By Rachel Craig
Private companies limited by shares must have at least one shareholder and issue at least one share. There is no limit to the number of shareholders the company has or the number of shares it issues at the time of incorporation or at a later date.
Many new companies are set up with just one individual and this person will be the sole director and sole shareholder. In such instances, the company will issue just one share that will be taken by the sole shareholder. Companies with two shareholders will often divide ownership equally by issuing 2 shares of the same value, with each shareholder agreeing to take one share. Many companies with more than two shareholders will typically issue 100 shares at £1 each, making it easy to determine the percentage of ownership each shareholder has in the company because each share will equate to 1% ownership.
Types of shares
Companies can have many different types of shares that provide varied rights and allocation of profits but the majority of new companies issue Ordinary shares, which means all shareholders have the same rights, responsibilities and share of profits in the company, Most new companies, particularly small businesses and start-ups, prefer to keep things simple by sticking to Ordinary shares in the beginning. It is possible to alter the types of shares issued at any time after incorporation; therefore, the decision you make at the time of registration can be amended as your company grows and new shareholders are introduced.
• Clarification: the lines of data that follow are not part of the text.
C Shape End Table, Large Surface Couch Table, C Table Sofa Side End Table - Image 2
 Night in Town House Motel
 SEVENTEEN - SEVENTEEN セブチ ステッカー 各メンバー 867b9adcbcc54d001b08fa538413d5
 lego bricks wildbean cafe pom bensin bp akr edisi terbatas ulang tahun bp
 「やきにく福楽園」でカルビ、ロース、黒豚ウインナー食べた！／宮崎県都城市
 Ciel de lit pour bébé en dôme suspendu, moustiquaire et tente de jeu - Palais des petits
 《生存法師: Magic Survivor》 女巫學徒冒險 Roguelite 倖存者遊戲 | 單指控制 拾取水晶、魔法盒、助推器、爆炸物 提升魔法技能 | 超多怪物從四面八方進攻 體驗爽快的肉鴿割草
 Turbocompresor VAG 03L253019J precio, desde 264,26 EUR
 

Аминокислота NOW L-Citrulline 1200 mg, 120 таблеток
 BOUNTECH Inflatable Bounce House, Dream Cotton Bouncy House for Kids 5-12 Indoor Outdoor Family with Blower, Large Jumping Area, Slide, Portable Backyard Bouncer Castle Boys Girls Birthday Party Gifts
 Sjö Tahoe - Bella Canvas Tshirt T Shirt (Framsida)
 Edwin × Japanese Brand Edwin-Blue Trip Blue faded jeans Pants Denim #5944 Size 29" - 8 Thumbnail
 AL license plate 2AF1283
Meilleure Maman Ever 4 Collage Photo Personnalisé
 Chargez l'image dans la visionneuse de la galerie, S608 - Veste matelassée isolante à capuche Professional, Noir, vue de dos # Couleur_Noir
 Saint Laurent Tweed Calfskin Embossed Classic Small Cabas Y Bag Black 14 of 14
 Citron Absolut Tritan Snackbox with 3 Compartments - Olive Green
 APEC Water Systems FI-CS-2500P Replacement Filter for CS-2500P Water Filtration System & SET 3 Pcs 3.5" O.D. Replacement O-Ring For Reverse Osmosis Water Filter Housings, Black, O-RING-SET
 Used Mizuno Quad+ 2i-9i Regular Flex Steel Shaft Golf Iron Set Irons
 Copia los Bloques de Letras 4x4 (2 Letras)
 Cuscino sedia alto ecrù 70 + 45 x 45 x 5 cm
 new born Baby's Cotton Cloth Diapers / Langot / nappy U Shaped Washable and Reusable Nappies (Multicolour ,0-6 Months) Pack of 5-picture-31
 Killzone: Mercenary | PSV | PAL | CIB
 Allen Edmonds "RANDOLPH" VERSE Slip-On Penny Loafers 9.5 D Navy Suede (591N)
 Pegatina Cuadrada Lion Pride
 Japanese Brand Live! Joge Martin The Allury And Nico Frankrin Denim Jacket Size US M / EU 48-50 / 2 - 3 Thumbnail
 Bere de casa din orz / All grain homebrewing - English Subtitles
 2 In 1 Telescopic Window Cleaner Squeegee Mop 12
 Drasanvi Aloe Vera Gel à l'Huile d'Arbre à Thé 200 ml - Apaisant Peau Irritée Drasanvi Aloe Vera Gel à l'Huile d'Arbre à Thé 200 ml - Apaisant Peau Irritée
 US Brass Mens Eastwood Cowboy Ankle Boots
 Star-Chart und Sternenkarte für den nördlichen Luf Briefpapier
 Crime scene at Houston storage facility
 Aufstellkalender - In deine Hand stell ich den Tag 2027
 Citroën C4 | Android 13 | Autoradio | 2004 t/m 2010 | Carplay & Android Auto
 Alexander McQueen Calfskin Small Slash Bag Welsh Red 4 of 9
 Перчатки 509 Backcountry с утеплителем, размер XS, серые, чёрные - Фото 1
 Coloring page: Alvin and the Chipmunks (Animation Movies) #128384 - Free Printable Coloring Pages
This is particularly beneficial if the initial shareholders of the company wish to retain more control and rights to profit than new shareholders.
Value of shares
Each share issued in a limited company will have a nominal value, which will usually be £1, and the value of the shares is the limit of the shareholders’ liability. In other words, should the company run up any debts, face any legal claims or be dissolved, the nominal value of the shares (not the actual value) is the amount each shareholder is required to pay toward covering the company’s debts – the personal assets of the shareholders is protected because the company exists as a separate legal entity responsible for its own finances. This is a very important form of financial protection and one of the biggest benefits of a limited liability company.
Paying for shares
Shares can be paid for in a number of different ways: some companies ask for payment in cash, others may agree to payment partly in cash and partly in non-cash or wholly in non-cash. Types of non-cash payments may include equipment, goods and services, knowledge and expertise, shares in another company, writing off debt, good will or bonus shares. Shareholders are not always required to pay for their shares immediately, but in the event of the company being wound up, all issued shares must be paid for – this is the limit of the shareholders’ liability so you should not issue or take more shares than you are prepared to pay for, or make the value of the shares too high. Shareholders that have already paid for any shares they have taken will have no further obligation to make any payments to the company if or when it is wound up.
If you are at all unsure of how to divide shares in your new company, particularly if there will be more than one shareholder, it would be wise to consult an advisor or accountant before any decisions are made. It’s better to get it right from the start because making changes to issued shares and the rights attached to each one can be a little tricky after the company has been incorporated. Best not to make any grave errors before you’ve even begun!